* _YOUR TASK_
A faithful copy of the entries, without any pictures, is what is needed here.

Pictures with short captions
::::
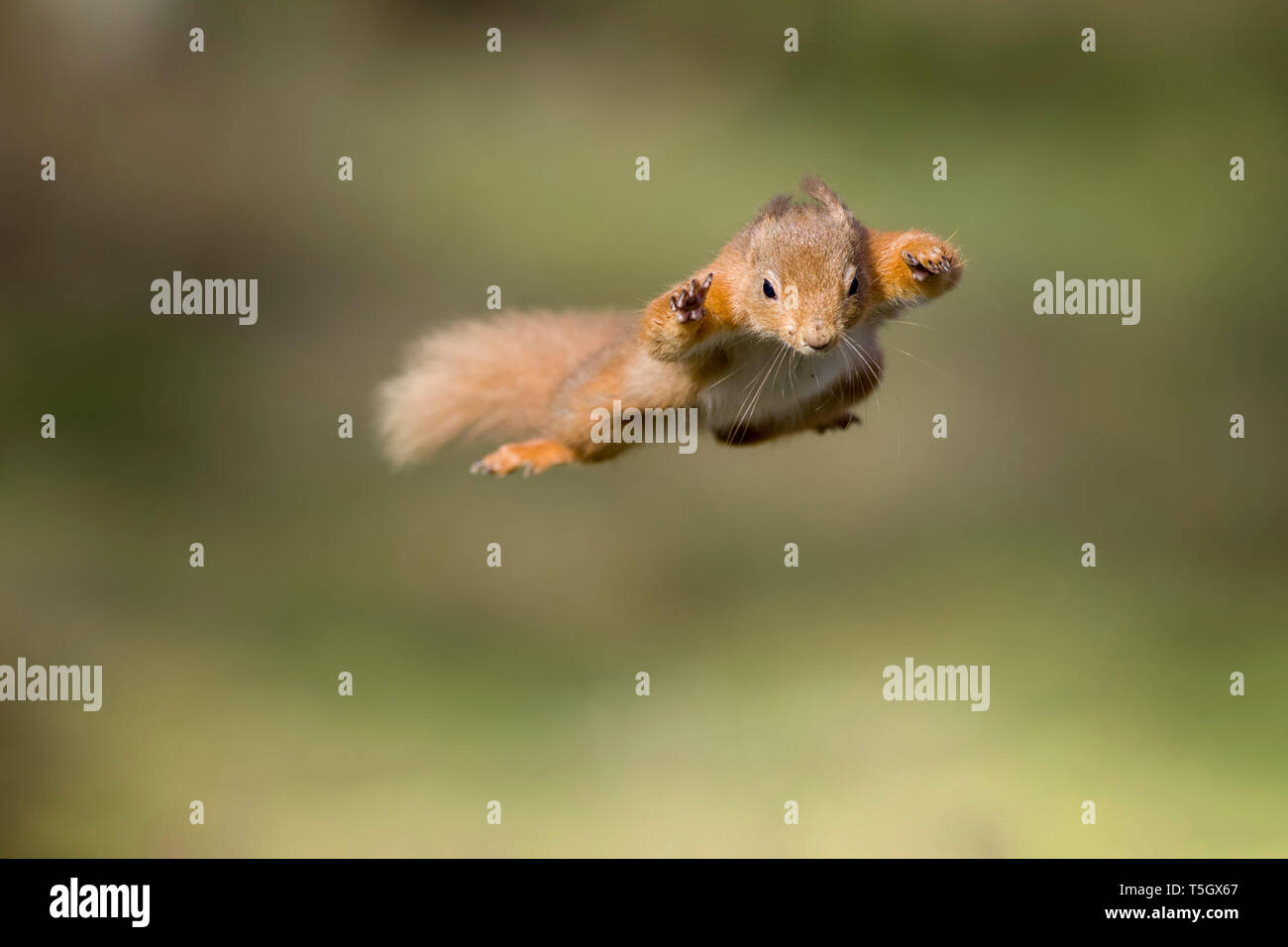 La ardilla roja, Sciurus vulgaris, saltar Foto de stock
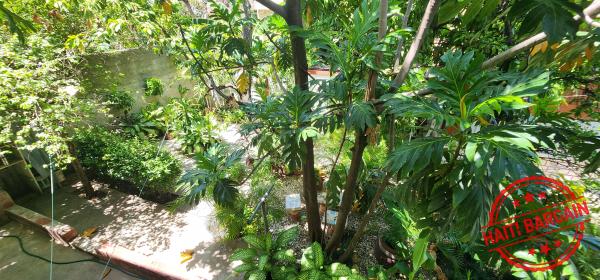 MAISON A LOUER & A VENDRE, ZONE: DELMAS 83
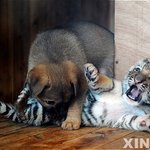 [19] ㅁㅊ 방금 <b>자다</b> 일어났는데....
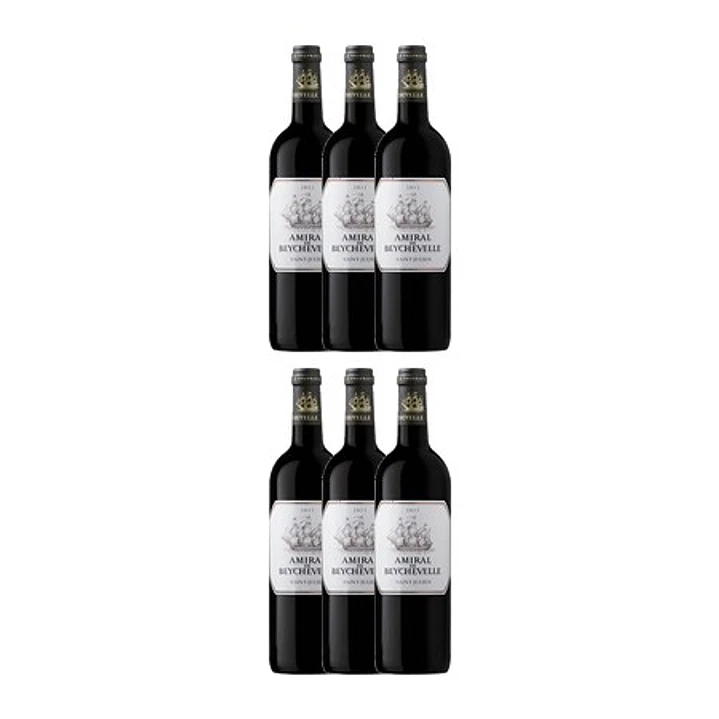 AMIRAL DE BEYCHEVELLE 2011 4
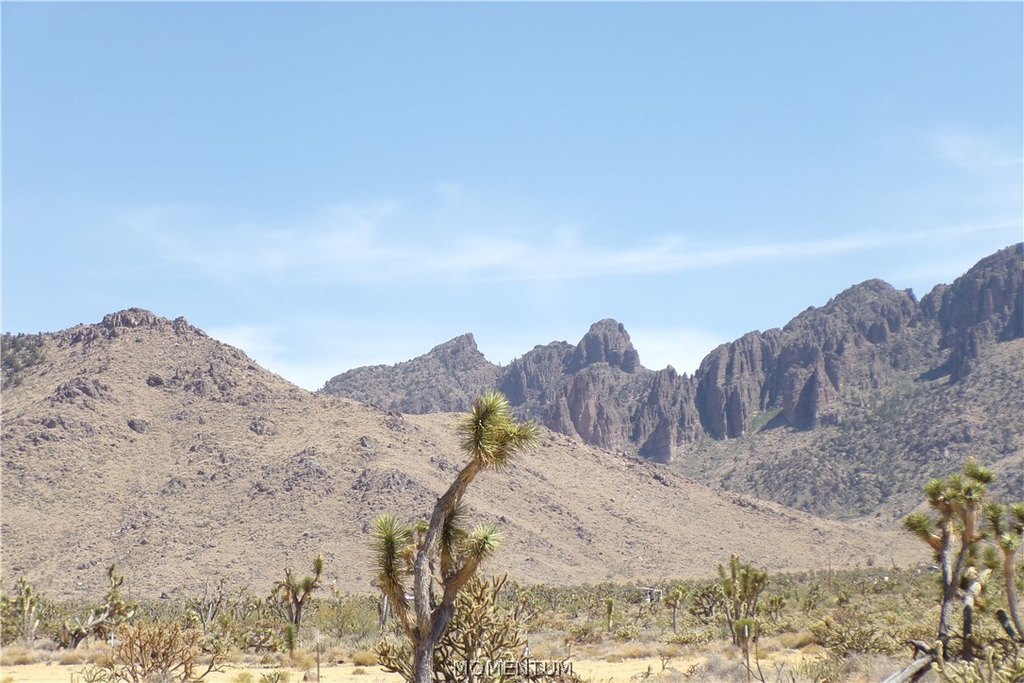 Picture 25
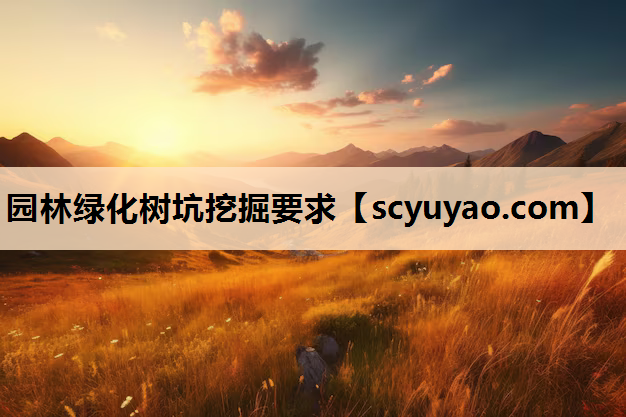 园林绿化树坑挖掘要求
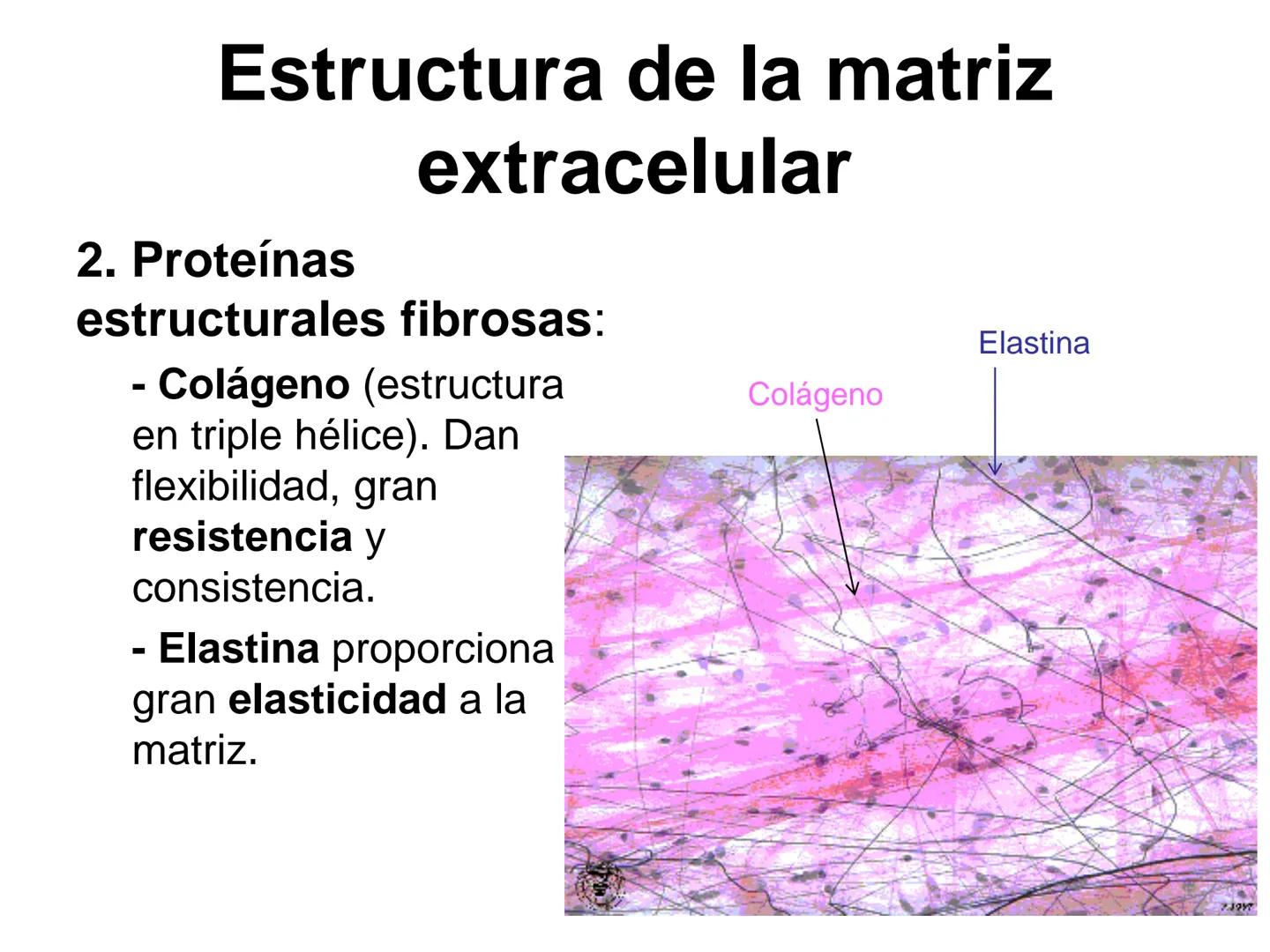 --- OCR Start ---
Matriz extracelular
Definición: es el medio en el que están embebidas las células de los tejidos animales.
Está compuesta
::::
* _FINAL ANSWER_
 La ardilla roja, Sciurus vulgaris, saltar Foto de stock
 MAISON A LOUER & A VENDRE, ZONE: DELMAS 83
 [19] ㅁㅊ 방금 <b>자다</b> 일어났는데....
 AMIRAL DE BEYCHEVELLE 2011 4
 Picture 25
 园林绿化树坑挖掘要求
 --- OCR Start ---
Matriz extracelular
Definición: es el medio en el que están embebidas las células de los tejidos animales.
Está compuesta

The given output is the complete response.